Highlights
CUDA 13 and Blackwell Support
- Full CUDA 13 build support for OSS and GenAI components
- NVIDIA Blackwell (B200) architecture support with Cutlass FMHA kernels
- GB200 and H100 optimizations for CUTLASS grouped GEMM in pretraining
Table Batched Embedding (TBE) Improvements
- FP8 embedding weights support (backend and frontend)
- Feature score eviction with TTL-based and ID_COUNT trigger conditions
- TBE data configuration reporter for forward passes
- Streaming and tracking logic for SplitTableBatchedEmbeddingBagsCodegen
- ZCH identities support in raw embedding streamer
Optimizer Enhancements
- Full Adam optimizer support with state offloading
- Partial Rowwise Adam enabled in SSD TBE
- CPU support for rowwise adagrad with counter
- Multiple optimizer states streaming to backend
GenAI and GEMM Performance
- CUTLASS v4.2.1 upgrade with BF16 re-enabled
- CUTLASS grouped GEMM for Llama4x pretraining (fprop, dgrad, wgrad)
- Fast-simplicial attention implementation
- Sliding Window Attention (SWA) backward optimization
- Deterministic mode support in Cutlass attention kernels
- MXFP8 grouped GEMM with 2D-2D support
Quantization Improvements
- FP4 grouped API for torch with Blackwell FP4 refactoring
- MXFP4 quantization with inline PTX performance boost
- Quantization with min & max bounds support (CPU ops for n-bit, 4-bit, 2-bit, 8-bit)
- Symmetric quantization for prefill token-wise FP8
- AVX512-based int8 to bf16 dequantization
Platform Improvements
- ARM/AArch64 builds enabled (Apple Silicon, ARM64)
- ROCm 7 support with MI350X FP8 Triton patches
- ROCm 6.4.2 upgrade
- gfx950 added to ROCm 7.0
Better Engineering
- Extensive kernel migration to
FBGEMM_LAUNCH_KERNELpattern - Code refactoring and C++ modernization (C++17/C++20 features)
- Reduced build size by removing old architectures
- Build time optimizations
- Reusable CI workflows
Software Requirements
FBGEMM_GPU v1.4.0 has been tested and known to work on the following setups:
- PyTorch: v2.9
- CUDA: v12.6[1], 12.8, 12.9[1]
- Python: v3.10, 3.11, 3.12, 3.13, 3.14t[1]
- ROCm: v6.3[1], 6.4[1]
[1] Available with --index-url option only, see below for installation example.

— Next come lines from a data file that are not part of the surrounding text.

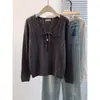 Suéter de punto para mujer con cuello en V y patrón trenzado, cordón, lazo, atado, top de suéter holgado y adelgazante, moda otoño 2026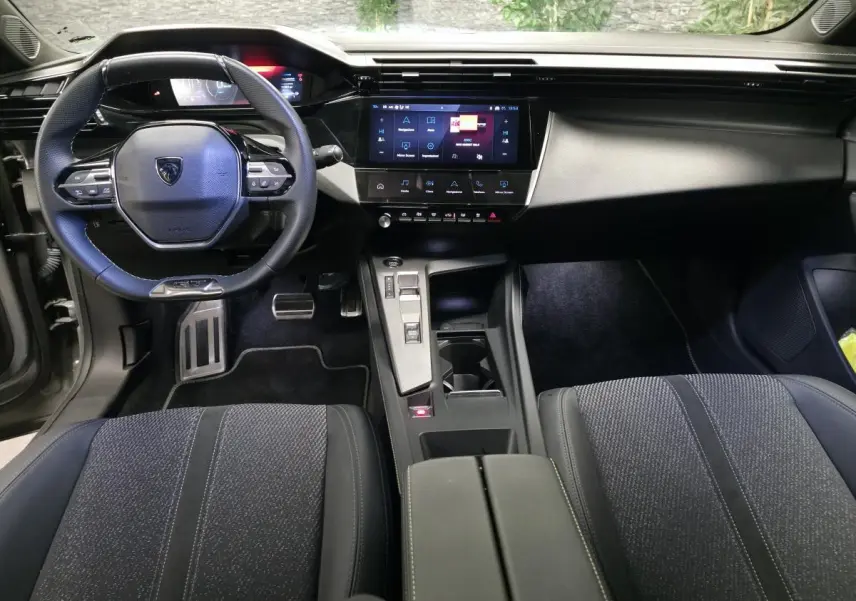 Intérieur Peugeot 408 GT hybride 2025 vu de face, volant cuir perforé, écran tactile central et sièges tissu noir.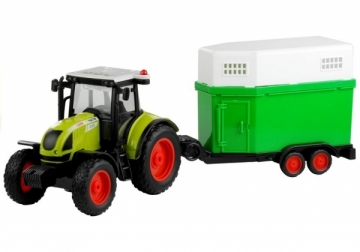 Traktorius su gyvulių gabenimo priekaba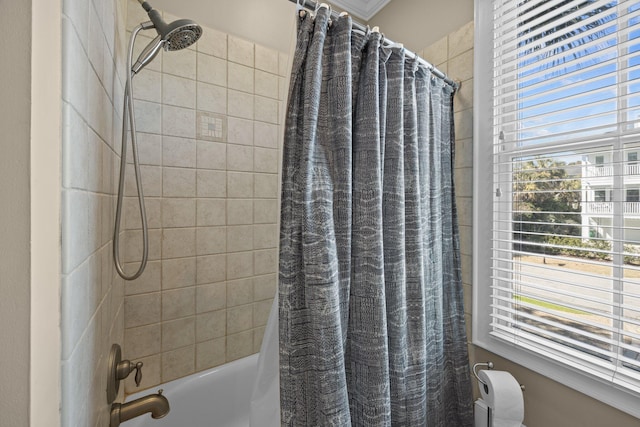 full bath featuring a healthy amount of sunlight and shower / tub combo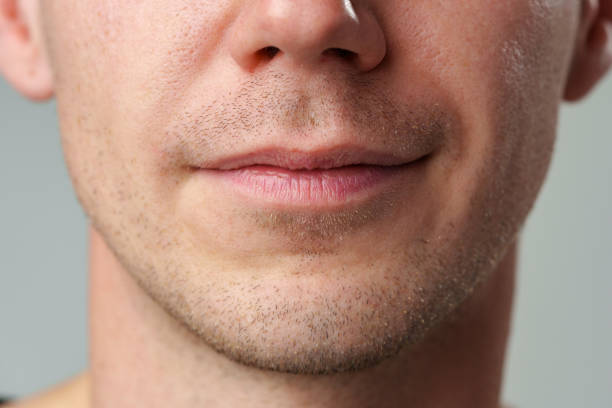 Close up shot of a young man face skin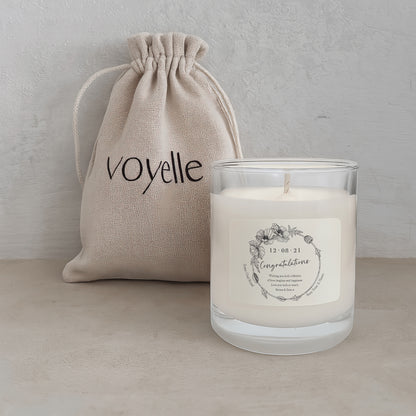 Candle with a label and 'voyelle' drawstring bag on a neutral background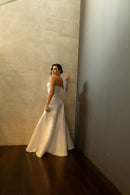 O vestido de noiva "Pilar" da coleção Barcelona da Luuly Noivas é um modelo sofisticado e moderno. Confeccionado em tecido Zibeline branco, este vestido longo possui uma silhueta elegante com uma fenda frontal. O design destaca-se por um decote coração e uma única alça larga no ombro esquerdo, adornada com um laço estruturado. Ideal para noivas que buscam um visual único e refinado no grande dia.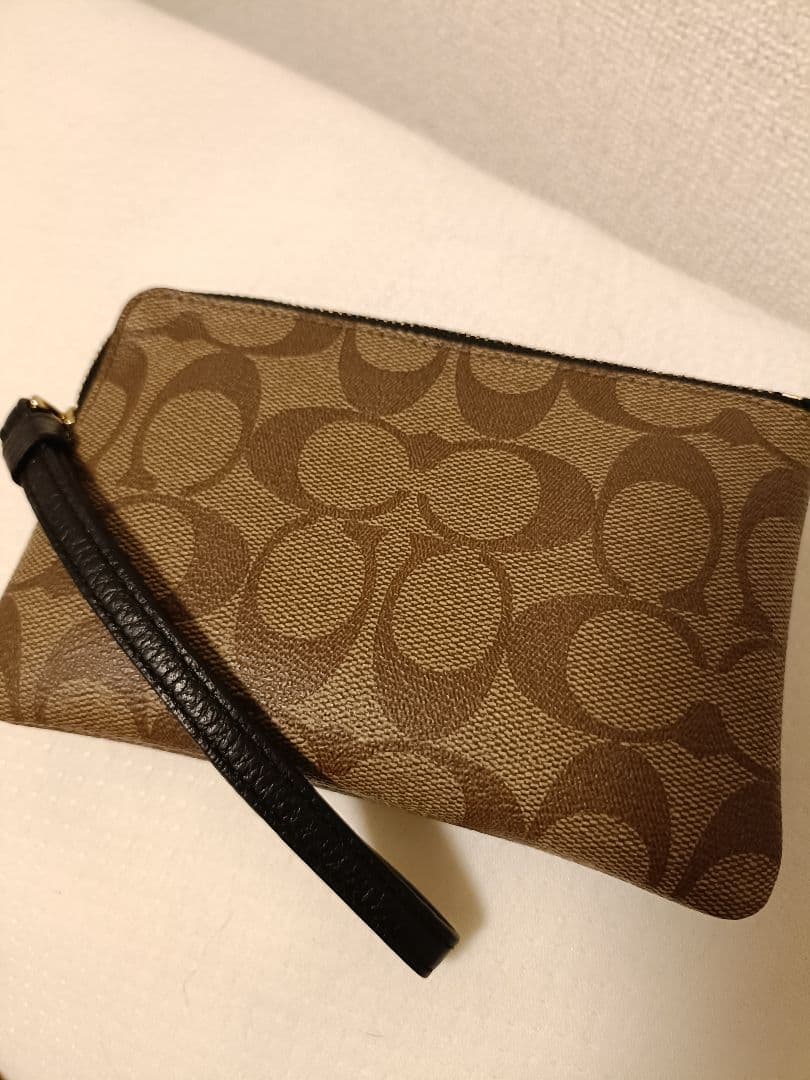 カ*ヌ様 COACH 恐竜イラスト付きポーチ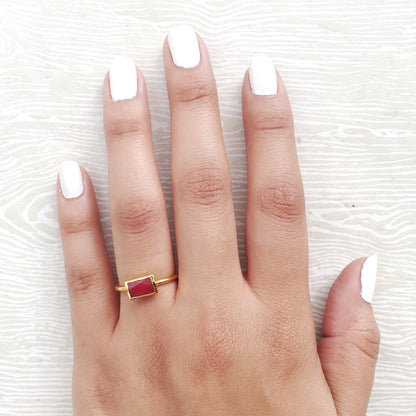 red semi precious stacking rings on hand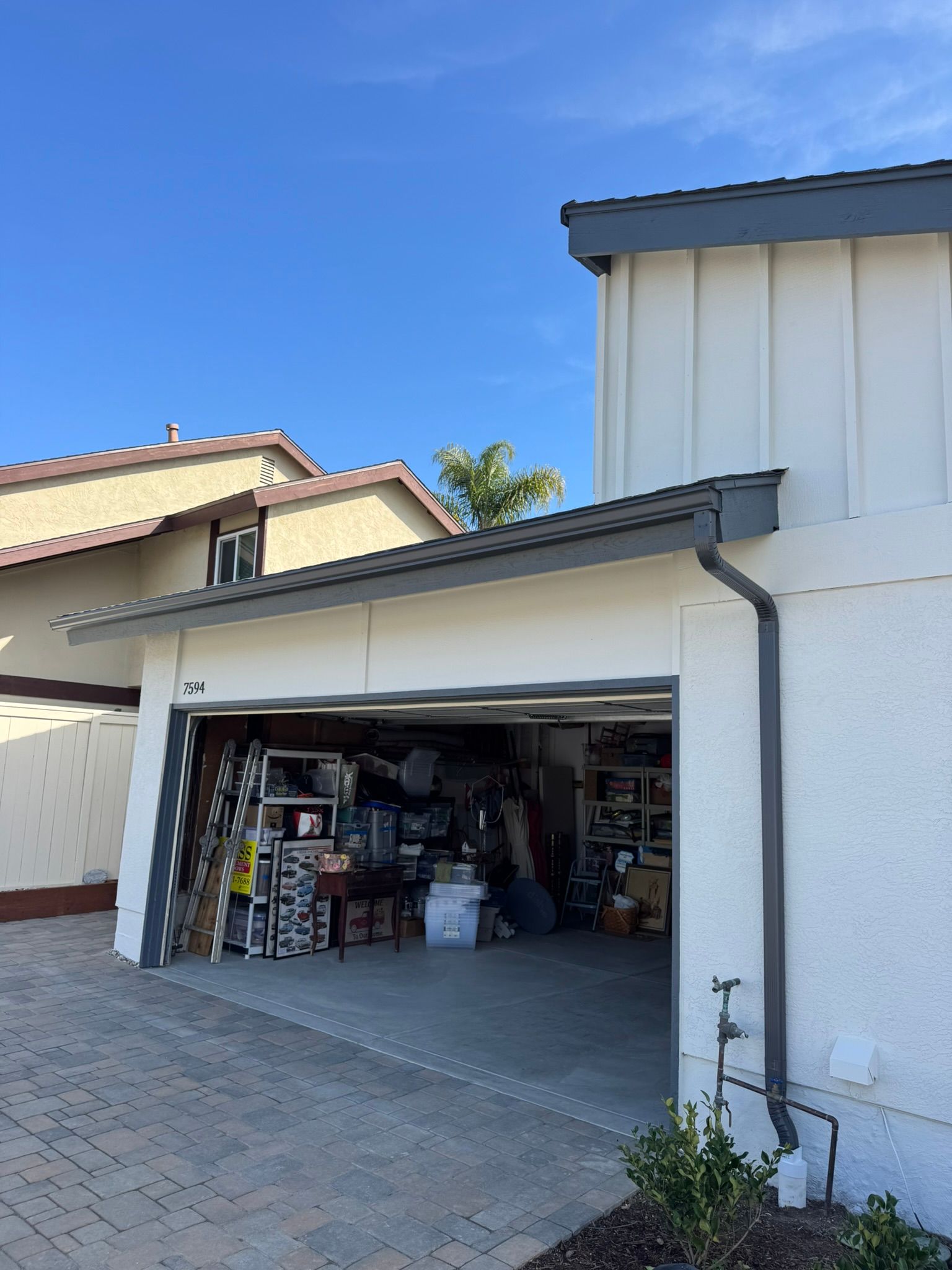 A white house with a garage with a lot of stuff in it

It is recommended to prepare an isolated environment for installing and running FBGEMM_GPU, such as Conda and/or Docker.
Note
| FBGEMM GPU | GenAI | ||||
|---|---|---|---|---|---|
| Default cuda | Version | PyPI | Nova | PyPI | Nova |
| 12.8 | 1.4.0 | 8.0;9.0;10.0a; [2] | 7.5;8.0;9.0a;10.0a;12.0a | 7.5;8.0;9.0a;10.0a;12.0a | 7.5;8.0;9.0a;10.0a;12.0a |
| 12.8 | 1.4.1 (for GenAI release) | N/A [3] | 7.5;8.0;9.0a;10.0a;12.0a | 7.5;8.0;9.0a;10.0a;12.0a | 7.5;8.0;9.0a;10.0a;12.0a |
[2] Due to the binary size limitation, we need to drop some architecture support from fbgemm_gpu release on PyPI
[3] Due to project size limitations, we do not release 1.4.1 on PyPI as the minor fix for 1.4.1 was for GenAI only.
Availability
FBGEMM_GPU can be fetched directly from PyPI:
# FBGEMM_GPU CUDA variant (only the CUDA 12.4 variant is available)
pip install fbgemm-gpu==1.4.0
# FBGEMM_GPU CPU variant
pip install fbgemm-gpu-cpu==1.4.0Alternatively, it can be fetched from PyTorch PIP:
# FBGEMM_GPU CUDA variant
pip install fbgemm-gpu==1.4.0 --index-url https://download.pytorch.org/whl/cu126/
pip install fbgemm-gpu==1.4.0 --index-url https://download.pytorch.org/whl/cu128/
pip install fbgemm-gpu==1.4.0 --index-url https://download.pytorch.org/whl/cu129/
# FBGEMM_GPU CPU variant
pip install fbgemm-gpu==1.4.0 --index-url https://download.pytorch.org/whl/cpuChanges
Table Batched Embedding (TBE) Operators
For GPU
- [New] FP8 embedding weights support - backend (#4614) and frontend (#4615)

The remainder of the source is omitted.